5.06 Prohibition of Multiple Officeholders
Multiple officeholders, or
the practice of having one person hold more than one Office, shall not be
permitted by this Corporation, except as provided in section 6.04 or in
section 8.05 of these By-laws.
5.07 Removal of Officers
Any Officer may be removed
from Office when such action will serve the best interests of this
Corporation. Removal of an Officer shall require the vote of a majority of
the Directors, and shall be based on any of the following events:
(1) Termination of
Membership in the NACD as specified in section 3.09 of these By-laws.
(2) Removal from the Board
of Directors of the Corporation as specified in sections 4.08 or 4.09 of
these Bylaws.
(3) Any other repeated
failure to execute successfully the duties of his/her office. Such removal
will be without prejudice to any contract rights of the Officer so removed.
5.08 Vacancies Among the Officers
Resignation of Officers
will become effective immediately or on the date specified in the letter of
resignation, and vacancies shall be deemed to exist as of such effective
date. Any vacancies among the Officers shall be filled as specified in these
By-laws in sections 5.02 and 5.03. The Member designated to fill the vacant
Office will serve for the unexpired remainder of the term of the predecessor
in office.
ARTICLE SIX - NACD
BRANCHES
6.01 Establishment of Branches
A Branch of the NACD may
be established by interested Members or Officers, with approval of the Board
of Directors, or by the Board.
6.02 Branch Chairmen
A Branch Chairman may be
elected by the Branch Members or appointed by the Board. A Branch Chairman
shall be a Voting Member in good standing of the NACD. Each Branch Chairman
shall report to the Board at least once per year, on the occasion of the
annual general membership meeting, or more frequently at the request of the
Board. A Branch Chairman shall not act on behalf of the NACD, its Officers
or its Directors except as in directives given by resolution of the Board,
or as specified by law or within the Articles of Incorporation, these
By-laws, or specific Administrative Policy.
6.03 Branch Operations
The officers, membership,
meeting times and Branch dues, if any, shall be determined by the Branch,
with the consent of the Board. Conduct of all operations of a Branch of the
NACD shall be in accord with law, with the Articles of Incorporation, with
these By-laws, and with NACD Administrative Policy. All requirements and
limitations of operations as specified in such above mentioned documents
shall apply to any and all Branches of the NACD.

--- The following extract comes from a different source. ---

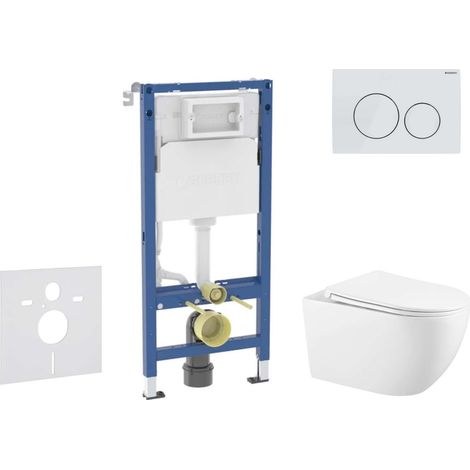 Geberit Duofix - Set Vorwandelement, Gaia-WC mit Softclose-Sitz und Delta20-Betätigungsplatte, Alpinweiß SANI11CA3145B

6.04 Corporation Officers as Branch
Officers
Any individual may hold a
Branch office concurrently with an Office of the Board of Directors of this
Corporation.
6.05 Branch Responsibility
Each Branch shall be
responsible to the Board of Directors of the NACD.
ARTICLE SEVEN - INFORMAL ACTION
7.01 Waiver of Notice
Whenever any notice
whatever is required to be given under the provisions of law, the Articles
of Incorporation, or these By-laws, a waiver of such notice in writing
signed by the person or persons entitled to notice, whether before or after
the time stated in such waiver, will be deemed equivalent to the giving of
such notice. Such waiver must, in the case of a special meeting of Members,
specify the nature of the business to be transacted.
7.02 Action by Consent
Any action required by law
or under the Articles of Incorporation of this Corporation or these By-laws,
or any action which otherwise may be taken at a meeting of either the
Members or Board of Directors may be taken without a meeting if a consent in
writing, setting forth the action so taken, is signed by all of the persons
entitled to vote with respect to the subject matter of such consent, or all
Directors in office, and filed with the Secretary of the Corporation.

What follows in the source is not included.